OUR BAND COULD BE YOUR LIFE: A TRIBUTE TO D BOON AND THE MINUTEMEN

(Little Brother)

The Minutemen stood for a radical, uncompromising blue-collar conception of punk. They infused economical songs with free jazz, country, Blue Öyster Cult, lefty politics, and just about anything else that was lying around San Pedro, California. None of which has made them a popular target for covers, especially in the era of color-by-numbers pop punk.

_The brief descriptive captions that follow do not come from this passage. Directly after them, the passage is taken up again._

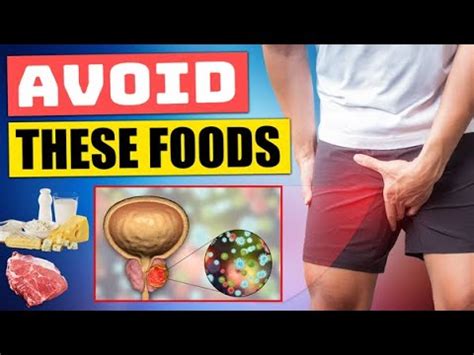 Top 10 Foods To Avoid When You Have An Enlarged Prostate YouTube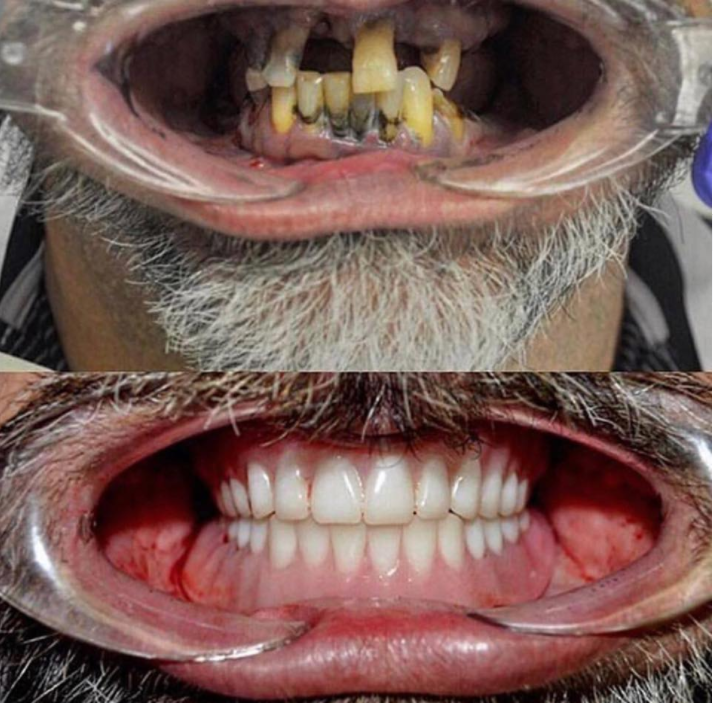 Shuayb Dental Institute - Brooksville | 12900 Cortez Blvd #201, Brooksville, FL 34613, USA | Phone: (352) 596-3456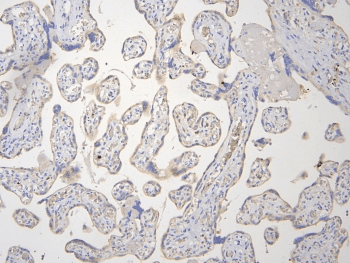 BMAL2 / ARNTL2 Antibody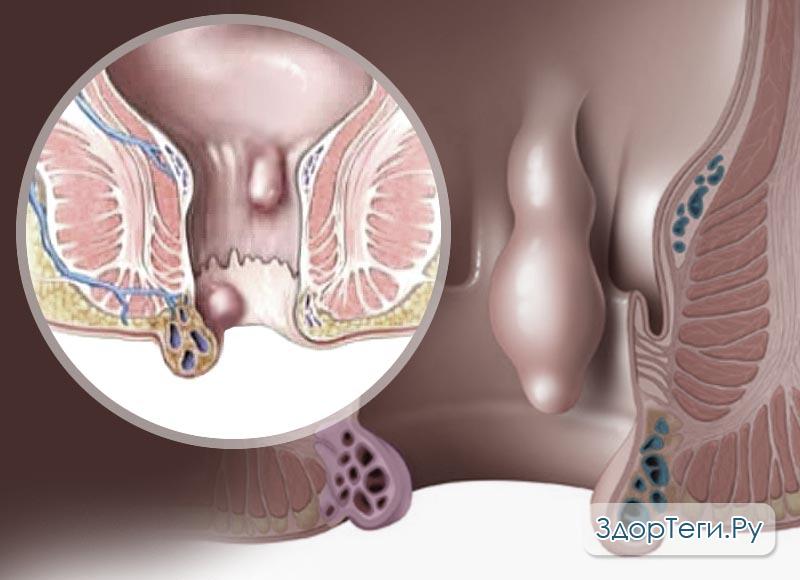 Тромбофлебит заднего прохода. Внешний геморроидальный узел. Опухоль анального отверстия. Геморрой в заднем проходе.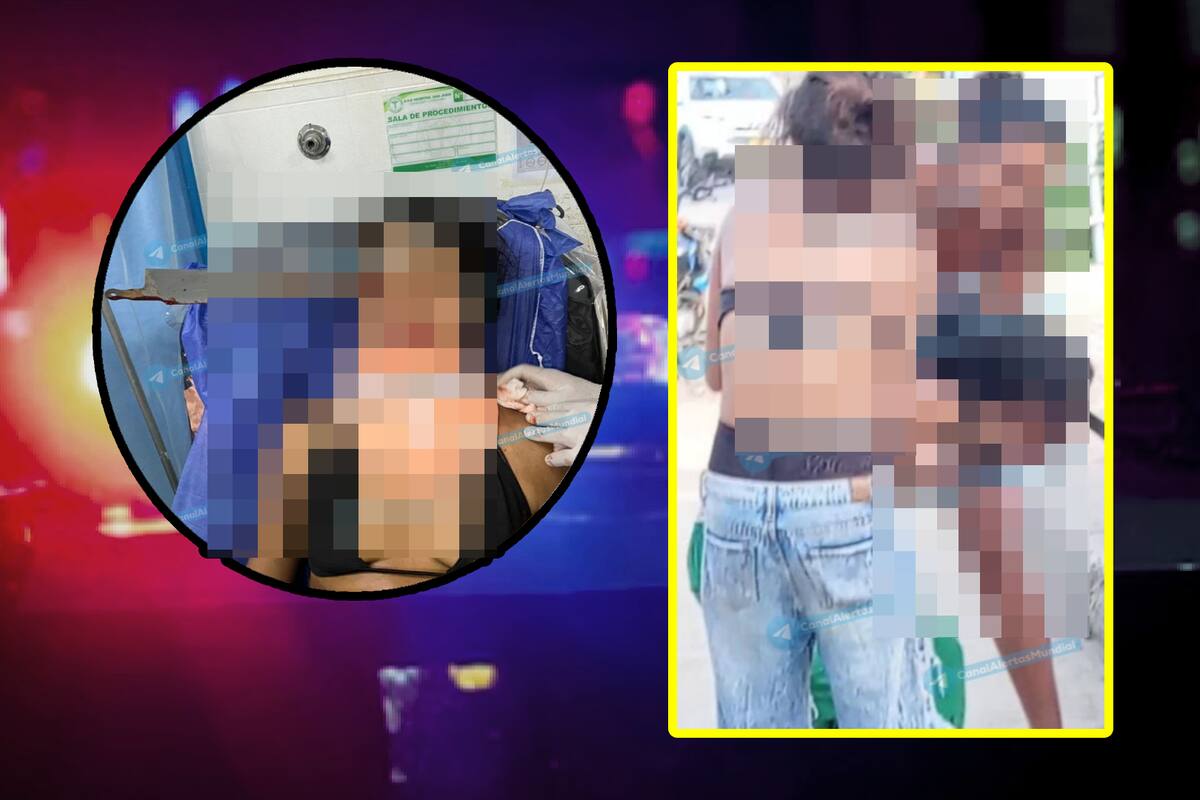 VIDEO: Vecinas se pelean en plena calle y una acaba con machete encajado en la cabeza (Imágenes fuertes)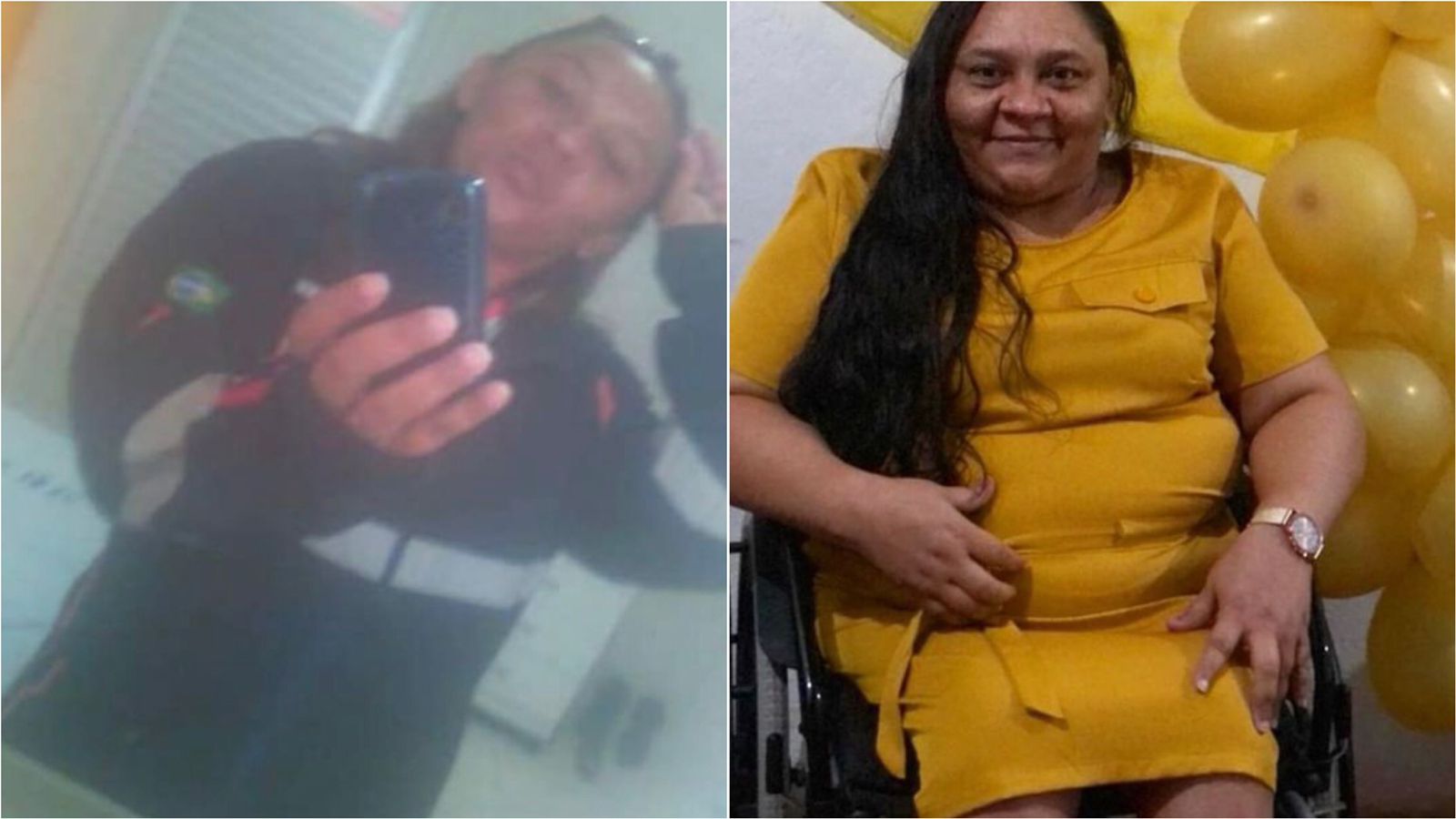 Após três anos de espera, Técnica de Enfermagem da cidade de Passagem-PB consegue cirurgia que ultrapassa os R$ 100 mil e cria vaquinha para custeio do pós-operatório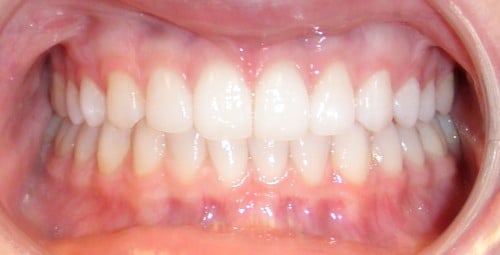 After photo: Patient with even spaced teeth in upper and lower jaws in Mento OH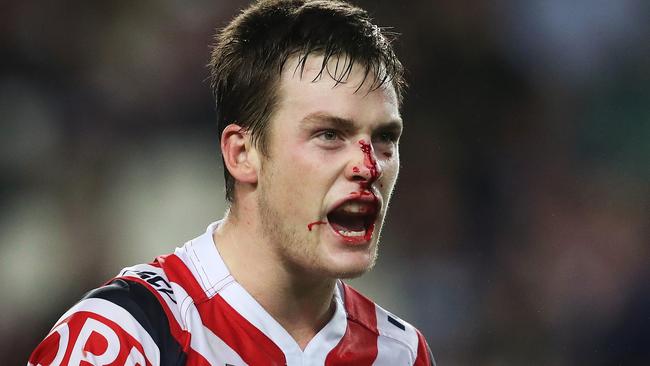 Luke Keary plays on with blood on his nose.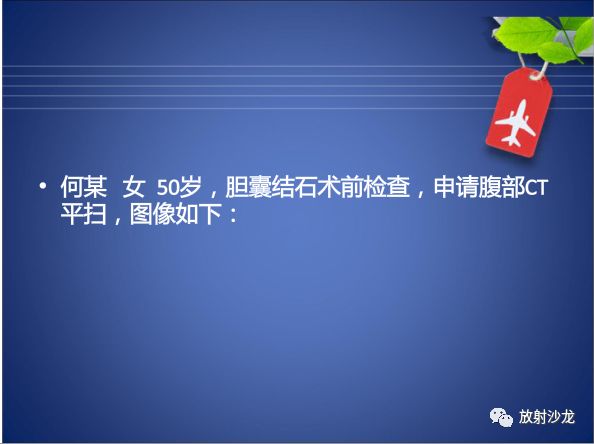 【病例】Budd-Chiari布加综合征1例CT影像表现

Former Minuteman Mike Watt's been honoring the legacy of his best friend and former bandmate, D Boon, in just about every musical venture he's undertaken since Boon's death, in December 1985. He shows up here on five of 35 tracks, playing bass with friends like Thurston Moore and D's brother Joe Boon, and his own wife, Kira. But this is mainly a chance for others -- Lou Barlow, Seam, Meat Puppets, the Brain Surgeons, Tsunami, Jawbox, the Meices, Unwound, to name a few -- to rediscover the power and passion of one of America's punk treasures and maybe learn something in the process. They all rise to the challenge. And who knows, maybe the Meices covering "Political Song for Michael Jackson To Sing" or Seam's haunting take on Boon's raging "This Ain't No Picnic" can help bring some of the Minutemen's gritty iconoclasm back into punk.